• **Aim of the exercise**
Leave out the pictures and output the data verbatim.

Web page caption snippets

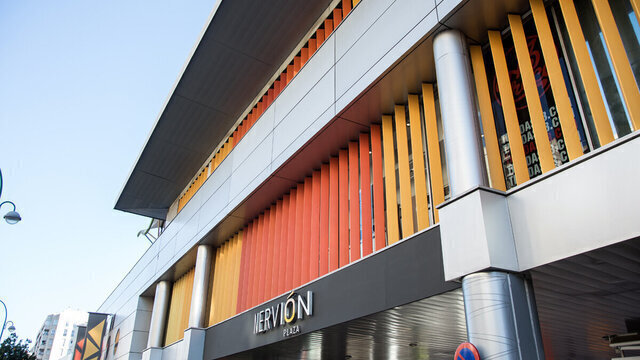 Nervión Plaza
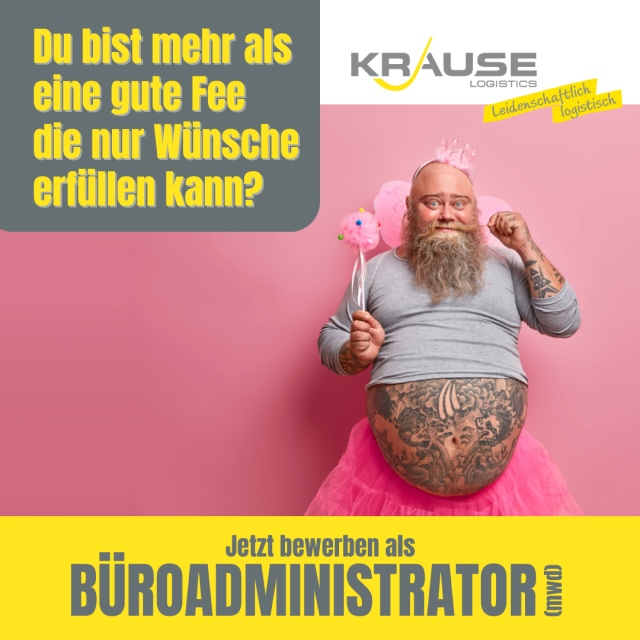 Social Media Jens Krause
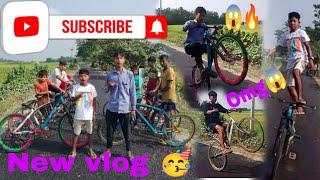 Wait for end guys ||vlog t twist 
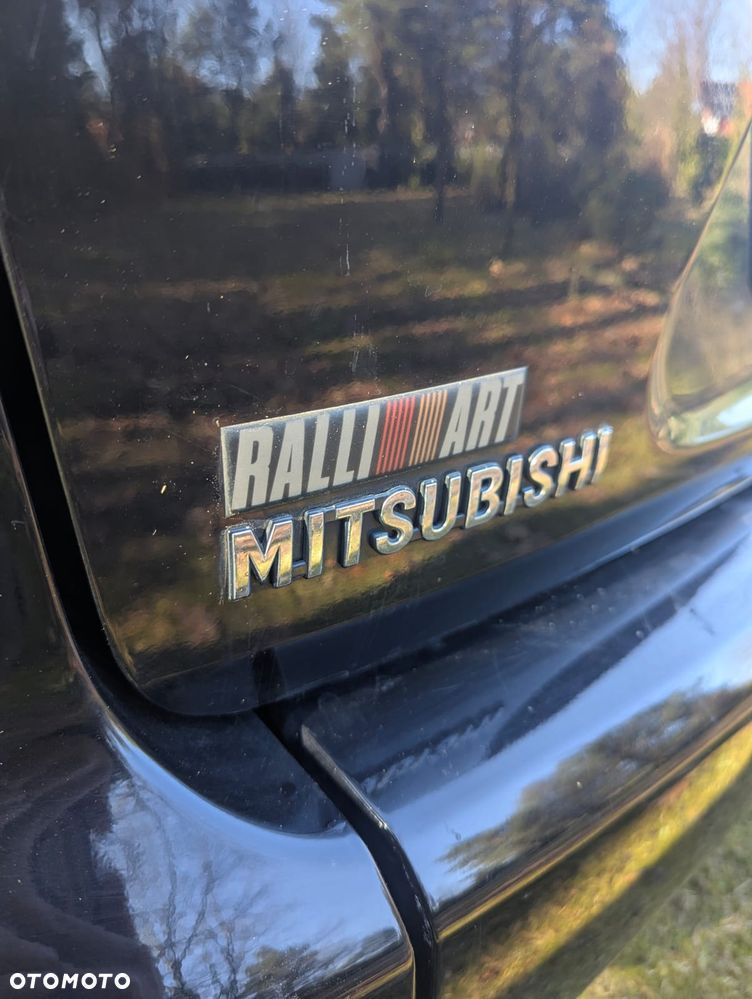Mitsubishi Outlander 2.0 DID Instyle - 22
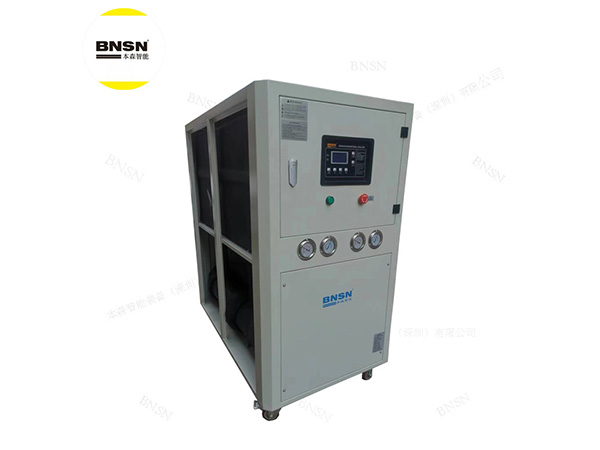 高低温冷水机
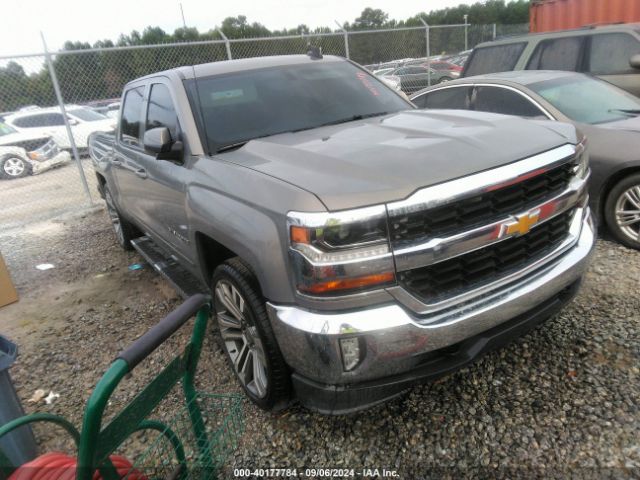 Photo 0 VIN: 3GCUKREC9HG259113 - CHEVROLET SILVERADO 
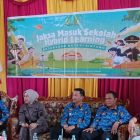Cegah Perundungan, Kejari Sintang Gelar Program Jaksa Masuk Sekolah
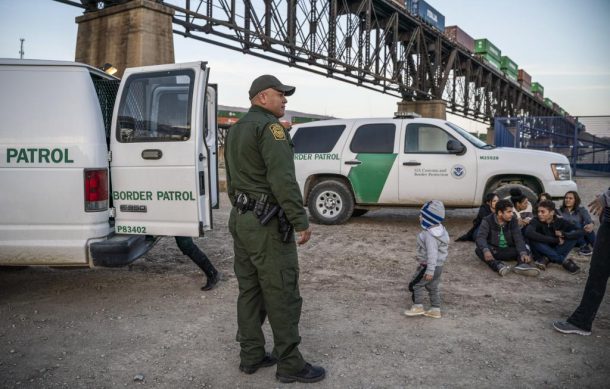 Reporta Presidente una disminución de las deportaciones desde Estados Unidos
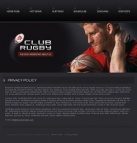 Политика конфиденциальности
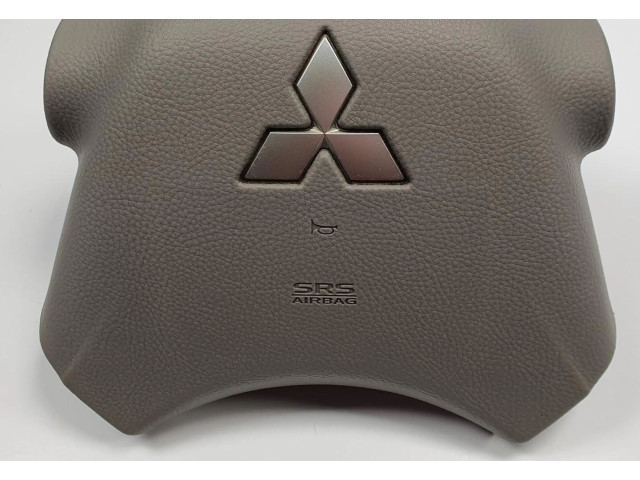 Подушка безопасности водителя MN103444 Mitsubishi Grandis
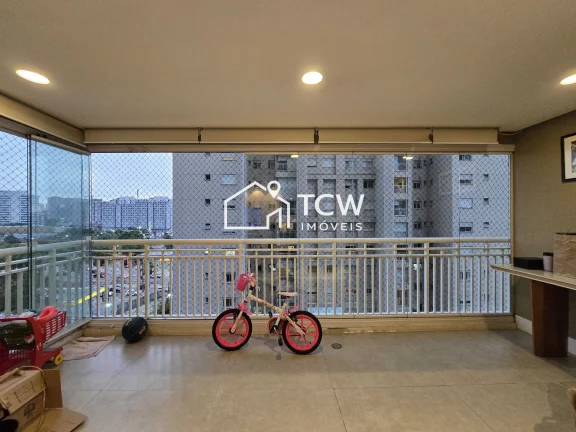 Imagem Apartamento à venda no bairro Barra Funda - São Paulo/SP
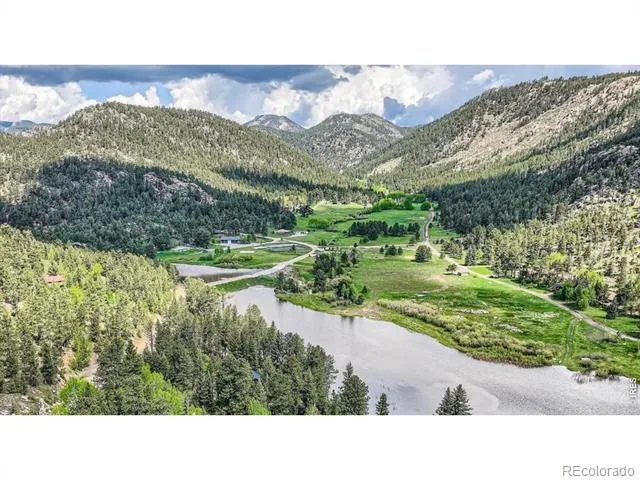 71 Cedar Drive Lyons, CO 80540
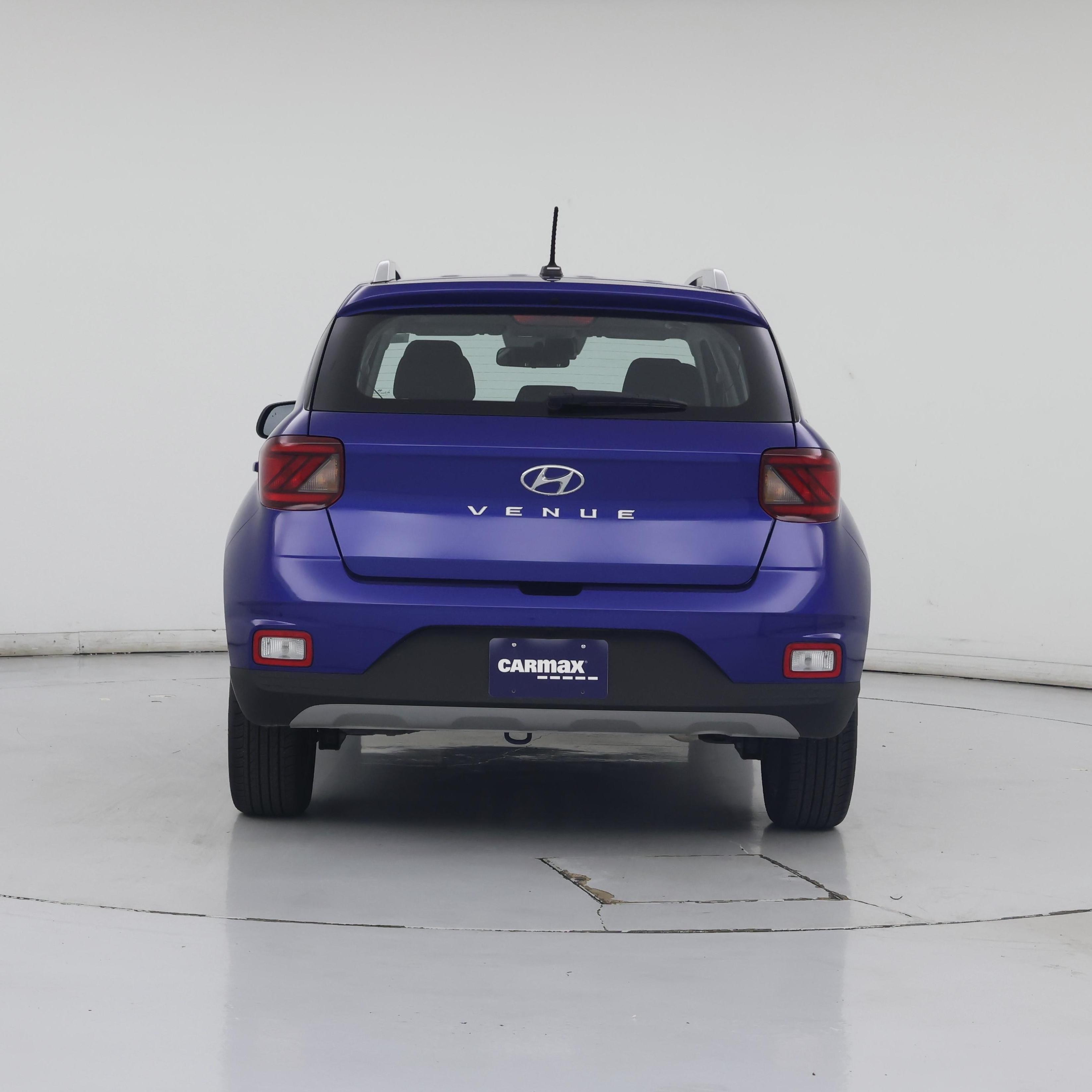 Thumbnail: 2026 Hyundai Venue - 6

• **Response**
 Nervión Plaza
 Social Media Jens Krause
 Wait for end guys ||vlog t twist 
Mitsubishi Outlander 2.0 DID Instyle - 22
 高低温冷水机
 Photo 0 VIN: 3GCUKREC9HG259113 - CHEVROLET SILVERADO 
Cegah Perundungan, Kejari Sintang Gelar Program Jaksa Masuk Sekolah
 Reporta Presidente una disminución de las deportaciones desde Estados Unidos
 Политика конфиденциальности
 Подушка безопасности водителя MN103444 Mitsubishi Grandis
 Imagem Apartamento à venda no bairro Barra Funda - São Paulo/SP
 71 Cedar Drive Lyons, CO 80540
 Thumbnail: 2026 Hyundai Venue - 6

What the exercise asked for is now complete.